Eliminating duplicates in an ever-growing content nightmare

Imagine this: You’re a marketplace website. You rely on content created by users to deliver a quality product to the general public, with minimum intervention from your side. Because at the end, you’re just a connection between the buyer and the seller. Now, how do you deliver the best user experience while relying totally on the goodwill of your publishers?

This is a question we ask ourselves every day of the week (the working days at least) at Avito , Morocco’s leading classified ads website, and which also goes well with Schibsted’s mission of “Empowering people in their daily lives.”

One of the main inconveniences for our users is irrelevant ads. We don’t want our user to have to go through countless pages with the same repeated ads just to find what they’re actually looking for. Sometimes, you even give up and the ideal deal was just one page away. Just like when you’re searching for something on Google and you find yourself reaching the dark and moist realm of what lies beyond the second page of Google’s search results.

So what do we do? How can we solve this issue with limited resources?

And then it dawned on us

We sat down for about 10 minutes and the following conversation took place:

  • Product Manager: I keep stumbling upon the same ads again and again. Maybe we should do something about it? Users are complaining of the redundancy of certain ads.
  • Engineer: Indeed! The other day, I was looking for a raspberry PI and there was a flood of ads about desktop computers.
  • Product Manager: …
  • Engineer: I think we should do something about this…
  • Product Manager: What if we block people from reinserting the same ads?
  • Engineer: How?
  • Product manager: I don’t want your job!
  • Engineer: I’m going to compare each newly inserted ad with the rest of the user’s ads and block it if it was a duplicate.
  • Product manager: Sounds good to me. How much time do you need?
  • Engineer: Two months.
  • Product manager: One month seems logical.
  • Engineer: How?
  • Product manager: Okay, one month it is!

The okayest okay.

So it started, the first version of the Duplicate Detection project.

Vladimir I. Levenshtein

Dr. Vladimir Levenshtein is considered the father of coding theory in Russia. His contributions are present in many aspects of our everyday lives. One of his most well known creations is the foundation of most of today’s spell checking algorithms: “Levenshtein distance.” This was the key to solving our problem.

What a great guy!

How can a spell checker help detect duplicates?
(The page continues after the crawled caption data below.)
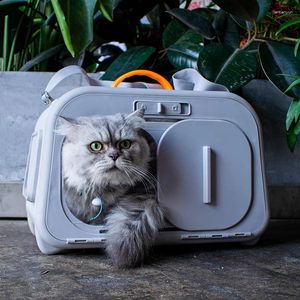 Kedi Taşıyıcılar Pet Termo Higometre Ekran Torba Taşınabilir Büyük Kapasite Alan Kafesi Yüksek Görünüm Küçük Köpek Sırt Çantası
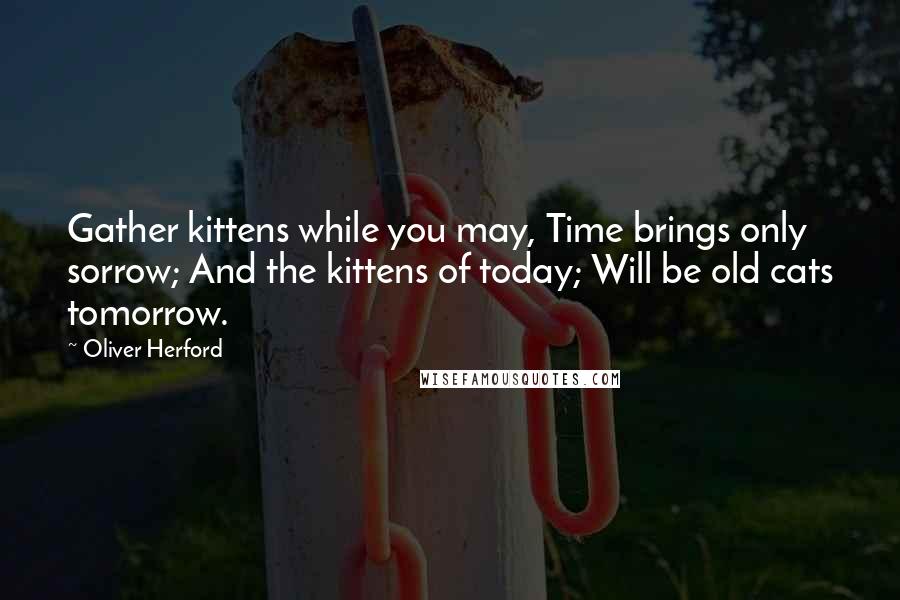 Oliver Herford Quotes: Gather kittens while you may, Time brings only sorrow; And the kittens of today; Will be old cats tomorrow.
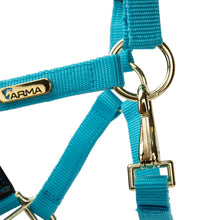 Load image into Gallery viewer, Shires Topaz Nylon Headcollar Blue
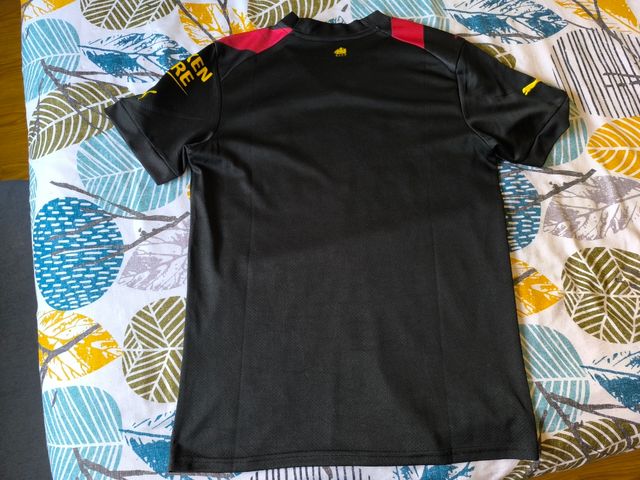 Camiseta futbol puma Manchester city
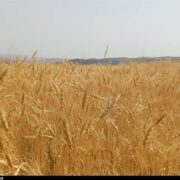 پرداخت ریالی ضرر حذف ارز ترجیحی به کشاورزان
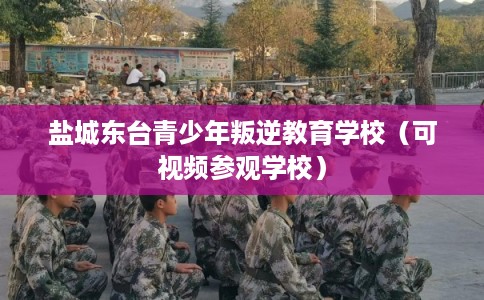 盐城东台青少年叛逆教育学校（可视频参观学校）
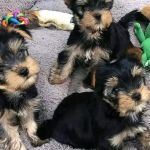 Yorkie Puppies For rehoming USA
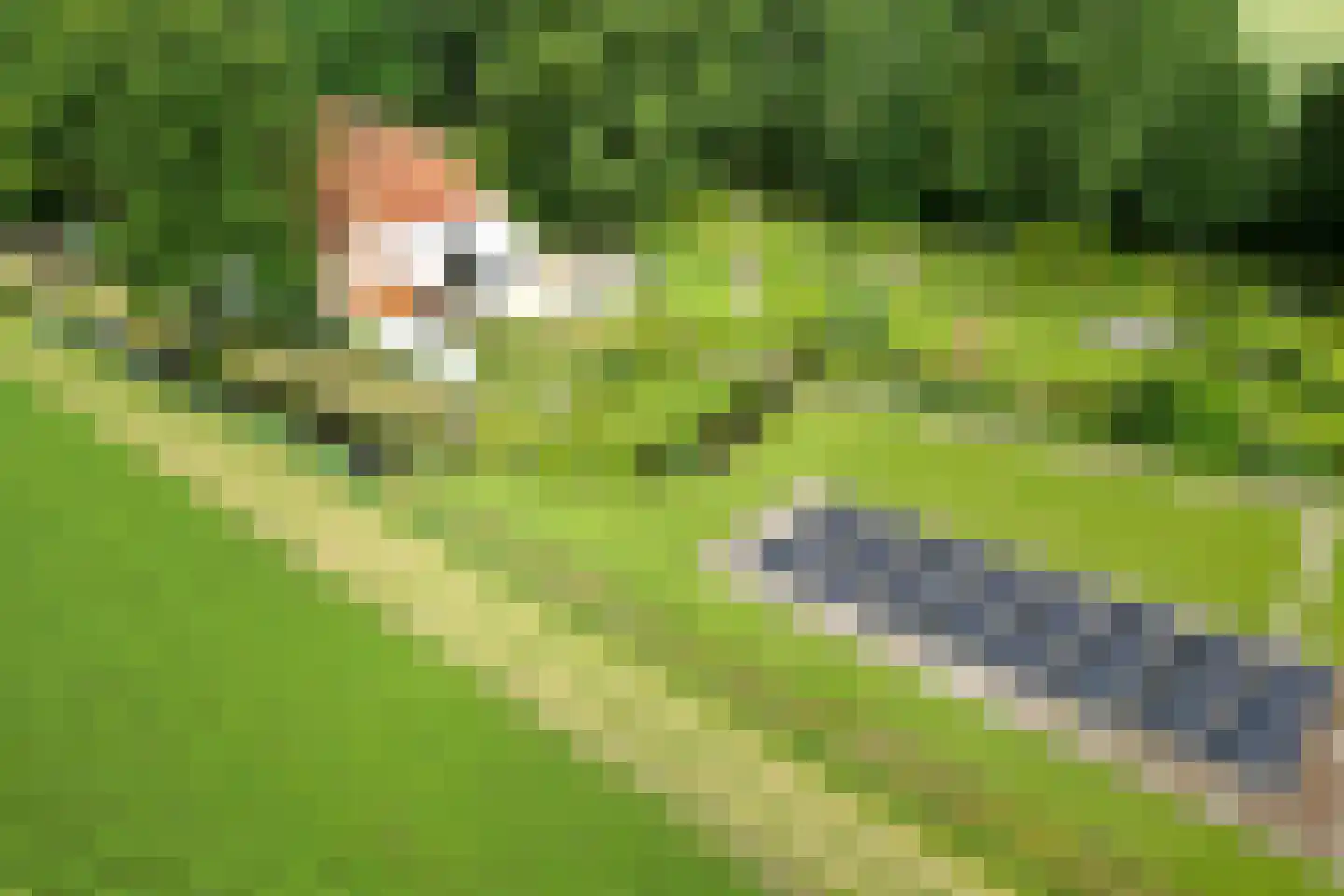 Bredaschedijk 2 Zevenbergschen Hoek thumbnail 144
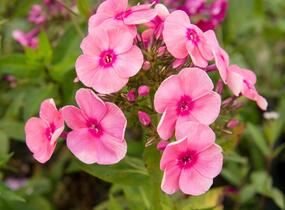 Plamenka latnatá 'Freckle Red Shades' - Phlox paniculata 'Freckle Red Shades'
Levenshtein distance is a way to measure the similarity between two strings. It works by calculating the changes necessary to go from a string (A) to a string (B). The greater the distance, the more different the texts are.

Example:

We have two strings, the initial text (I) and the final text (F). We’ll refer to the Levenshtein distance function as DT.

If I = “adil” and F= “adil” then dt(I,F)=0, because the transformation from I to F required 0 steps.

If I= “adil” and F= “adim” the dt(I,F)=1, because the transformation from I to F required 1 step (which is l => m).

The greater the distance, the more different the texts are. This is what we relied on first, to detect when and how duplicate ads are inserted.

That’s a great idea, let’s ruin it

In the following graphic, I will illustrate how the first iteration of the Duplicate Detection project was implemented.

The short explanation

Looks pretty basic, but the devil is in the detail. The big box that blatantly states that a check is performed, is where the magic happens (or should have happened …), and it’s in there the Levenshtein distance is being put to use to solve our duplicate issue.

The long explanation

First, an ad is submitted to the ad-insert process, the necessary checks are being performed (Checking for SQL injections, lol). If an ad is deemed “legit”, then it is submitted to the “duplicate detector” process, in which the ad is ran against the database to check if the user is trying to republish the same ad. The check is done database-wise using a stored procedure that returns a “score.” That score is used to deem the ad “duplicate” or “unique.”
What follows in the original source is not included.